Enquanto lidamos no Brasil com o problema de inclusão social, a Europa
lida com o desafio de inclusão de minorias étnicas.
A partir de
uma das questões de Marcelo Araújo sobre a relação do Museu Sprengel
com a minoria turca que vive na Alemanha, Krempel posicionou-se contra
curadorias específicas para uma etnia, julgando que seria paternalista
e reducionista criar salas especiais para artistas de ascendência
turca: "não existe um discurso nem entre pessoas filiadas à esquerda,
ou entre pessoas de origem turca, ou entre curadores de origem turca
que insistam na instalação de salas especiais.
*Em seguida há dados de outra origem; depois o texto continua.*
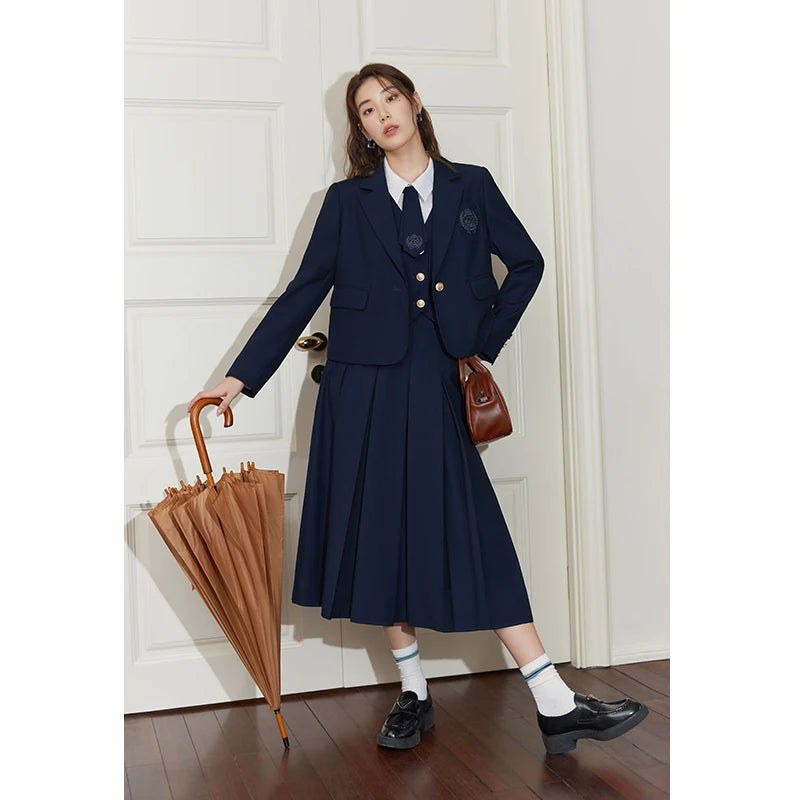 DUSHU College Style Short Blazer Coat Fashion Two Piece Suit for Women Literary Retro Spring New High Waist Half Pleated Skirt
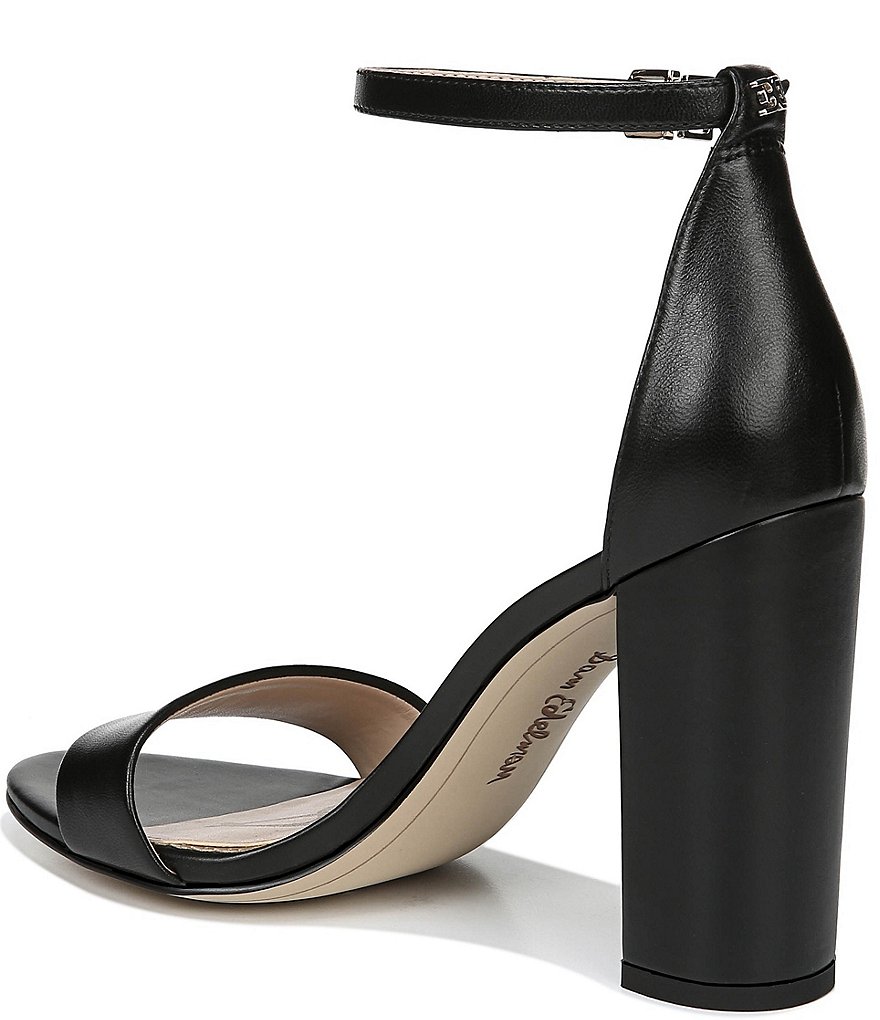 Sam Edelman Yaro Leather Ankle Strap Block Heel Dress Sandals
Normalmente, na
Alemanha, isto é percebido como uma medida de exclusão, como uma medida
assistencialista ou paternalista, como se a tarefa fosse dar um papel
especial aos artistas. Mas isto nós já tivemos demais na Alemanha,
pensemos apenas na estratégia de exclusão do Terceiro Reich.
(...) Não existe esta apresentação especial, e entre os jovens artistas
profissionais, eles não temem nada mais que uma exposição que pudesse
ser mostrada pelo Goethe de São Paulo que diria 'Cinco artistas jovens
de origem turca'. Isto cheiraria a paternalismo, e isto é a pior coisa
que se pode desejar para artistas que querem seriamente participar da
vida profissional."
Krempel salientou que o Museu Sprengel
oferece programas de visitação específicos para idosos, crianças e
estudantes, categorias que já incluem turcos, marroquinos, e pessoas de
qualquer comunidade, dispensando portanto programações baseadas em
critérios étnicos. Outras ações que visam o alargamento do público do
museu são a abertura do museu em feriados mediante negociação com
sindicatos de funcionários e um programa para visitantes noturnos em
conjunto com outros museus da cidade que mantêm as portas abertas das
18:00 às 01:00h -- a "Longa Noite dos Museus", durante a qual os
visitantes compram um bilhete único para percorrer vários museus.
Krempel
salientou que evita soluções fáceis de aumento de público: "Alguns
colegas da Alemanha hoje recorrem a uma arma popular. Por exemplo fazem
uma exposição sobre 'Picasso e Erotismo', pois nús sempre vendem bem.
(...) Pode ser estratégia para ganhar muito dinheiro, isso é
muito importante, mas do ponto de vista da história da arte isso é um
objetivo relativamente modesto."
Ao discutir a história do
acervo e o relacionamento do Sprengel Museum com seu público, Krempel
enfatizou a complexidade da ação de um museu na comunidade em que se
insere e deixa questões, tais como a inclusão de minorias, que
aplicadas ao contexto brasileiro podem conduzir a uma valiosa troca de
idéias no ambiente virtual do Fórum Permanente.